§ Activity:
First find the line with "this 864×542 image.", then reproduce it and all following lines of the data to the end, exactly and with no pictures, adding nothing.

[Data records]
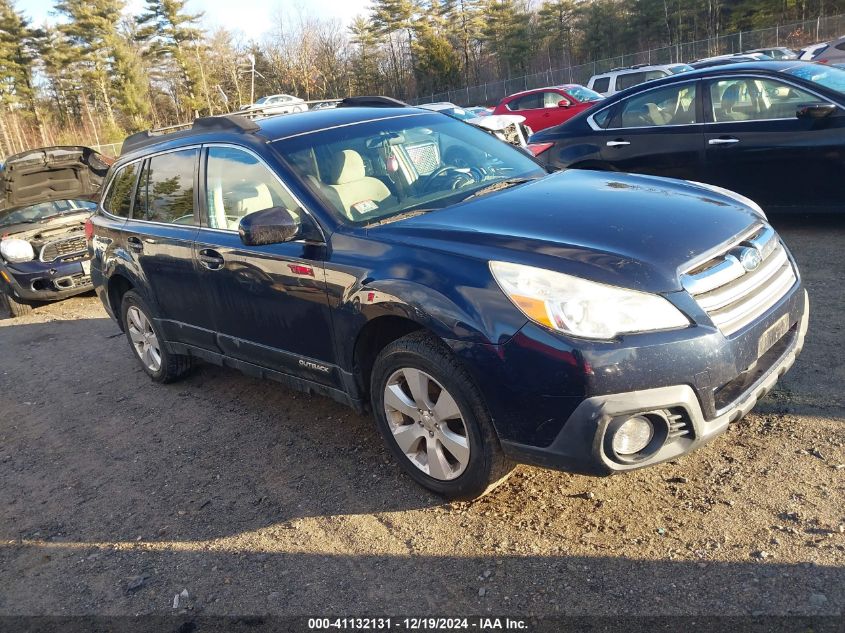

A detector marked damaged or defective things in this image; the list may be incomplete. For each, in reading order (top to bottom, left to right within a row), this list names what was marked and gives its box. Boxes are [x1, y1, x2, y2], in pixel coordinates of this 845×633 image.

damaged car with open hood [0, 147, 109, 316]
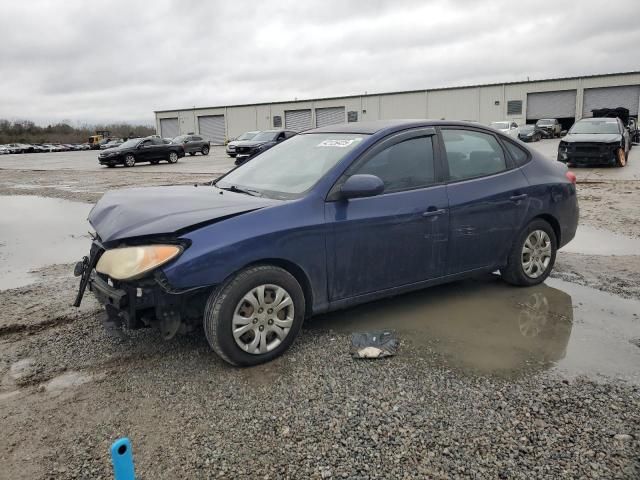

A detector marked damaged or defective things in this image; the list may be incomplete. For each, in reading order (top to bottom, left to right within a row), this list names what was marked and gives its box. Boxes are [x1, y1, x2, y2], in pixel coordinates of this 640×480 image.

damaged front bumper [74, 240, 210, 338]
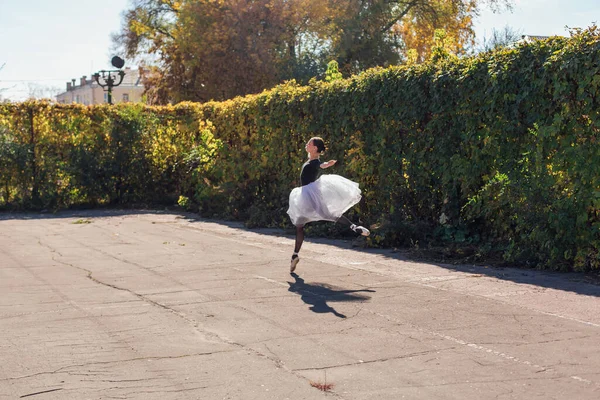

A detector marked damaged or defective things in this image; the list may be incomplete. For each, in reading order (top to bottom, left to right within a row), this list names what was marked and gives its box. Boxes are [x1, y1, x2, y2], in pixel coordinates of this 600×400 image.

cracked asphalt [1, 209, 600, 400]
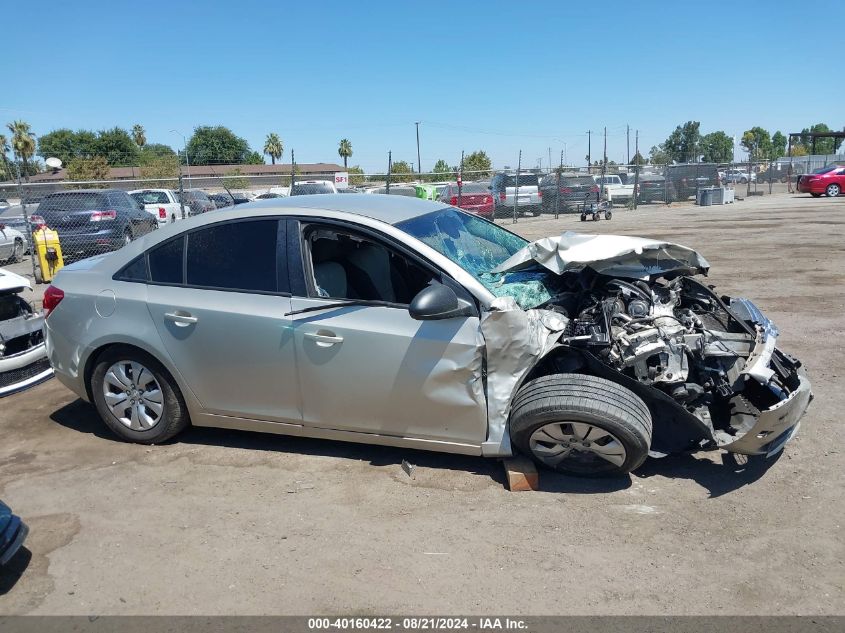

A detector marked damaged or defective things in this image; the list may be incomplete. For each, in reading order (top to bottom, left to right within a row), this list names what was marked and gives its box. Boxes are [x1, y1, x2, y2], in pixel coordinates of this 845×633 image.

crumpled hood [0, 270, 30, 294]
shattered windshield [398, 210, 556, 308]
crumpled hood [492, 230, 708, 278]
damaged silver sedan [44, 196, 812, 474]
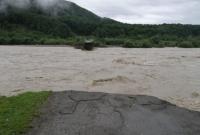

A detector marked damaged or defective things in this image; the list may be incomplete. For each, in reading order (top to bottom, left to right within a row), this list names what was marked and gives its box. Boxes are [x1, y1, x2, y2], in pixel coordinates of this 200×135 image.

cracked asphalt [26, 90, 200, 135]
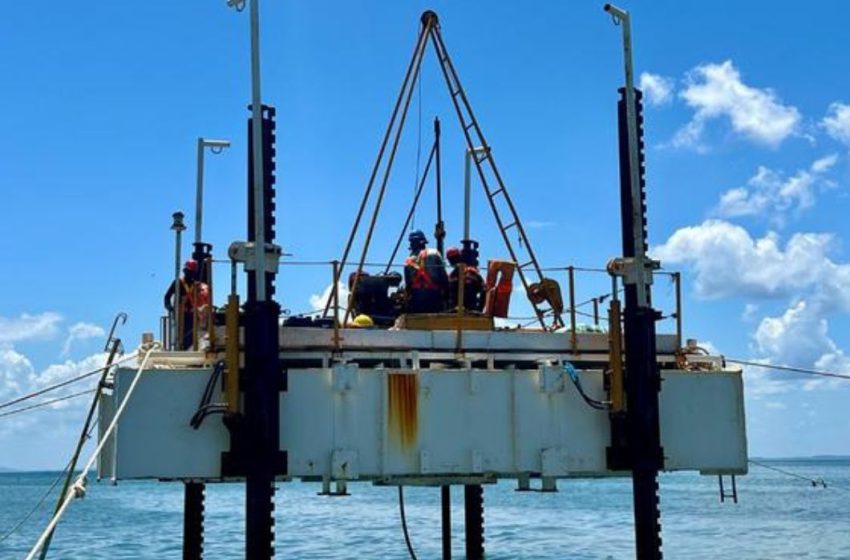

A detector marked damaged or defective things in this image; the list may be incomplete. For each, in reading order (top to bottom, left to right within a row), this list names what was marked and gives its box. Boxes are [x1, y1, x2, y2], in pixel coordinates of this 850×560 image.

rust stain on hull [388, 372, 418, 450]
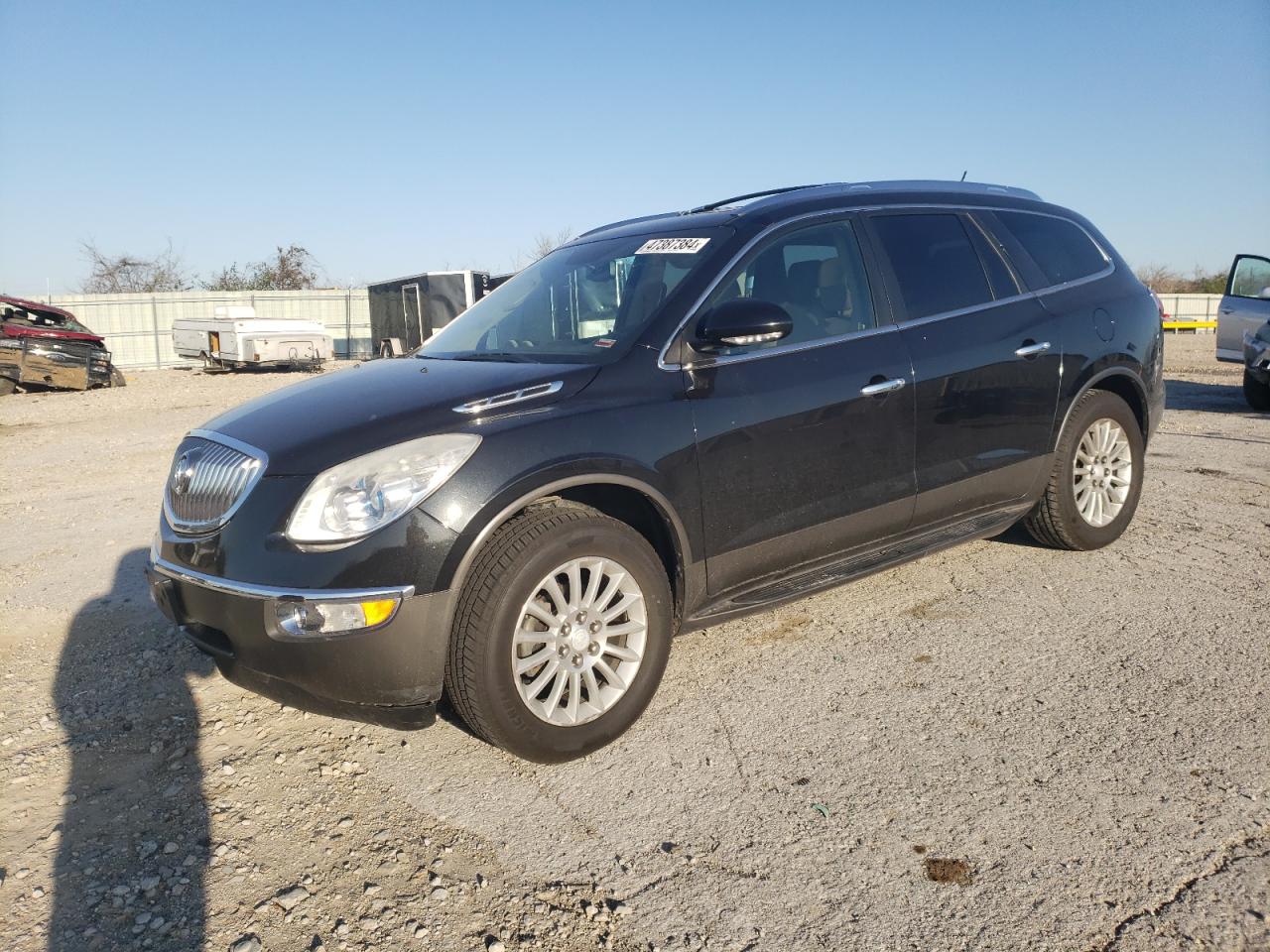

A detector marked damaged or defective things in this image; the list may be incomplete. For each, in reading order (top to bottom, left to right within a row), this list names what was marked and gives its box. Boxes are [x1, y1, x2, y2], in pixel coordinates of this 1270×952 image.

damaged vehicle [0, 294, 125, 391]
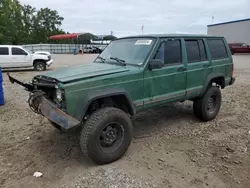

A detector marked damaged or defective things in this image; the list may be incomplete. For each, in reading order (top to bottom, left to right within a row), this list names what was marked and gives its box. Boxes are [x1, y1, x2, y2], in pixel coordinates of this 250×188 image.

damaged front bumper [8, 73, 80, 129]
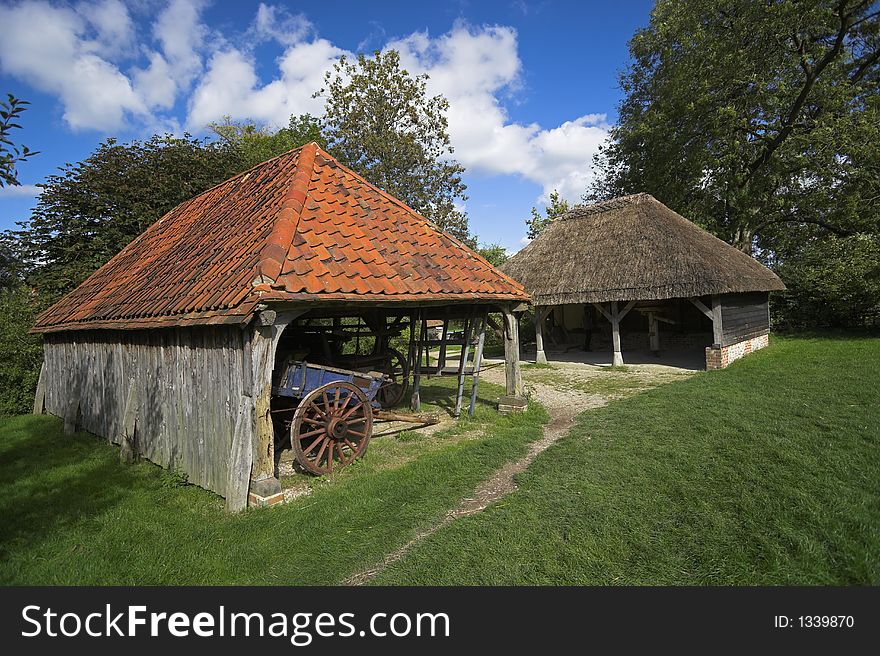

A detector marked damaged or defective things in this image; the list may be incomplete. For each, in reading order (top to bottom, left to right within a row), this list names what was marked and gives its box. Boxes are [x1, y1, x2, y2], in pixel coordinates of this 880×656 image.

rusty metal wheel [374, 346, 410, 408]
rusty metal wheel [288, 382, 372, 474]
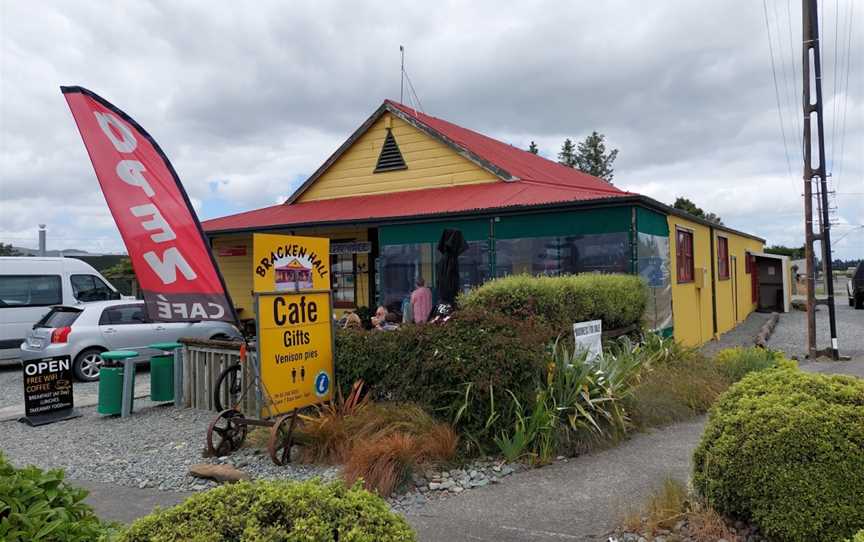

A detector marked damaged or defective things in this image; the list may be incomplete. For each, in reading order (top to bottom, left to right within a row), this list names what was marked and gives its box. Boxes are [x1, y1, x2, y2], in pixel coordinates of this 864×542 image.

rusty iron wheel [208, 408, 248, 460]
rusty iron wheel [266, 414, 296, 466]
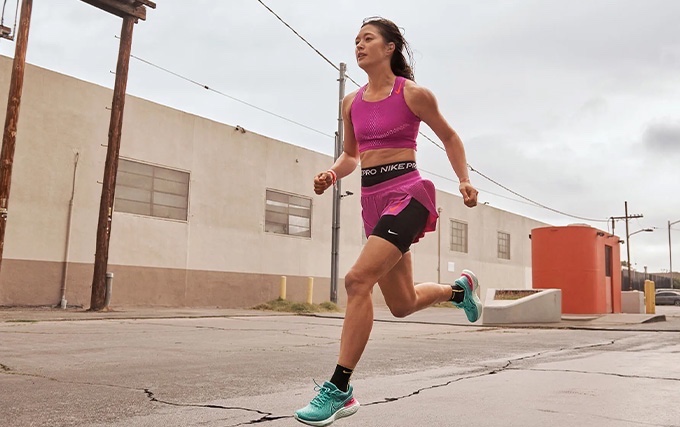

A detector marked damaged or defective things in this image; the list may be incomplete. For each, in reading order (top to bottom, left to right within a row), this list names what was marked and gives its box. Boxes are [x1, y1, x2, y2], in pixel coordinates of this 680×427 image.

crack in asphalt [143, 390, 292, 426]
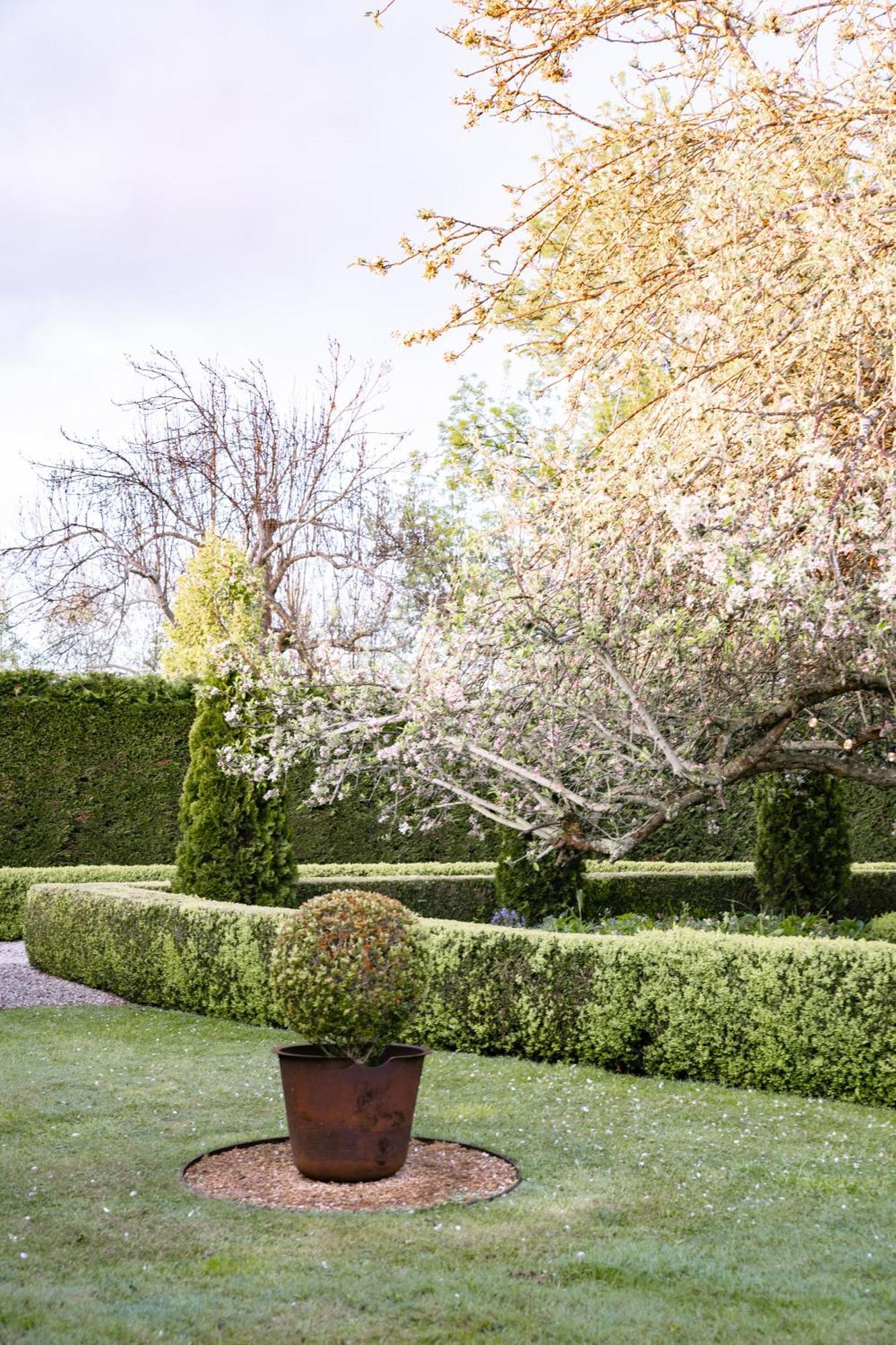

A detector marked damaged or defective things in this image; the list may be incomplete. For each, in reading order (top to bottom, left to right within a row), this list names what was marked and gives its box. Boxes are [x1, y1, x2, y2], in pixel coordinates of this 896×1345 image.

rusted pot rim [177, 1130, 519, 1216]
rusty metal planter [274, 1044, 427, 1184]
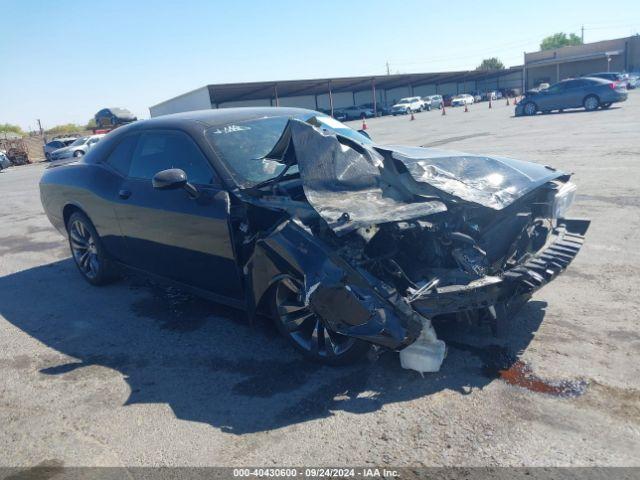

§ Answer to this task:
A detector marked damaged or defective things in this image; the list may be incomplete. For each, in reading order (top to bottom, left to right within a row), this list names what was marked and gives its box. Boxes are [x1, y1, x2, y2], in pixel coordinates of this 864×542 image.

rusty iron wheel [208, 408, 248, 460]
rusty iron wheel [266, 414, 296, 466]

A detector marked damaged or defective things in this image; the list may be incomplete. For each, in reading order (top to bottom, left to right within a row), this list names what was marked and gives its box. Boxes are [x1, y1, x2, y2], in pixel coordinates of this 680×427 image.

crack in asphalt [143, 390, 292, 426]

A detector marked damaged or defective things in this image; the list may be incomplete. For each, in reading order (top to bottom, left to right within a row), this list names what was marked and gives its box. Boxes are [x1, y1, x2, y2], in pixel coordinates of this 896×1345 image.

rusted pot rim [177, 1130, 519, 1216]
rusty metal planter [274, 1044, 427, 1184]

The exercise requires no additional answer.